Selon ces calculs, «30 millions de m3 par an» seront requis pour «nourrir» la quinzaine de complexes créés. «À titre de comparaison, le besoin en eau potable pour la population est actuellement de 85 millions de m3 par an», souligne le Dr Papastavros.

Des besoins qui ne sont déjà pas assouvis à Chypre où changement climatique rime avec sécheresse: depuis un an, de sévères restrictions sont en vigueur, l'eau courante n'étant accessible aux ménages que trois demi-journées par semaine.
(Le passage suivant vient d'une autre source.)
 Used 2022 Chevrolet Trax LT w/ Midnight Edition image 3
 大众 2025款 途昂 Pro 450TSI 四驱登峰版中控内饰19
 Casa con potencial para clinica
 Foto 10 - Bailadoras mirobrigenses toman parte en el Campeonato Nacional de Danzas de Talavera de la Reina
Malgré cela, le projet, initié par le précédent gouvernement, a été validé en décembre par l'actuel cabinet. Motif: sur la troisième île de Méditerranée, l'heure est à la mobilisation en faveur du secteur touristique, qui entre pour 15 % dans le PIB et bat de l'aile avec la crise mondiale.

«Le rythme des réservations pour l'été est lent (...). 2009 sera une année difficile», déclare à l'AFP le ministre de tutelle Antoine Paschalides.
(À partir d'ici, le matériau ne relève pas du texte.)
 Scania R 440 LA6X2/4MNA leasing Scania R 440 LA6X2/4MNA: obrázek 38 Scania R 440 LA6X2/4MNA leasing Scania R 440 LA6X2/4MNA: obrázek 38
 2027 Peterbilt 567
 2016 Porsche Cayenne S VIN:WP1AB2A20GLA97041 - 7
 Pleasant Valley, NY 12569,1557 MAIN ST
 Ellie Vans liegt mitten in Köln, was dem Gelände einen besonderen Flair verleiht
«La création de parcours de golf peut incontestablement nous permettre de gagner de nouveaux marchés (...) et d'allonger la saison touristique», dit-il.
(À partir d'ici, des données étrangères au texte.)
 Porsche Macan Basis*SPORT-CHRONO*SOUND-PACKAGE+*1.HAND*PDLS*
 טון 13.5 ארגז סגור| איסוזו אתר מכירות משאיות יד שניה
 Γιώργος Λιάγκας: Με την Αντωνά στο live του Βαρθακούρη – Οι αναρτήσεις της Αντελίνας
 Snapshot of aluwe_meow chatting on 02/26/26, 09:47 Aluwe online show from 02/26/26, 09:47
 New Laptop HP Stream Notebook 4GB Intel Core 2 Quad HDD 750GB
«Soucieux» de préserver les maigres ressources en eau et l'environnement de l'île, le gouvernement liera chaque projet à la construction d'une usine de dessalement, ajoute encore le ministre.

Quant à la question des émissions de dioxyde de carbone (CO2) liées à leur fonctionnement au pétrole - qui contribuent au réchauffement climatique -, un recours systématique aux énergies renouvelables, tel le solaire, est évoqué.

Les milieux écologistes parlent toutefois d'écran de fumée.

«Le coût environnemental est inévitable. La technologie actuelle» ne permet pas le seul recours aux énergies renouvelables, avance Christos Theodorou, qui dirige la Fédération des organisations écologiques et environnementales de Chypre.

Pour lui, les rejets en mer de ces structures et la pollution souterraine liée à l'utilisation massive de fertilisants posent également problème.

Mais à Chypre, où l'eau dessalée - l'île compte déjà trois usines - est présentée comme la solution à la pénurie, la mobilisation peine à s'organiser, consent-il.

Les manifestations du petit parti écologiste n'ont, pour le moment, guère fait recette. «Le manque de conscience environnementale à Chypre est un fait. La faute en revient aux politiques et aux promoteurs (immobiliers). Ceux-là même qui en tirent profit», estime Costas Papastavros.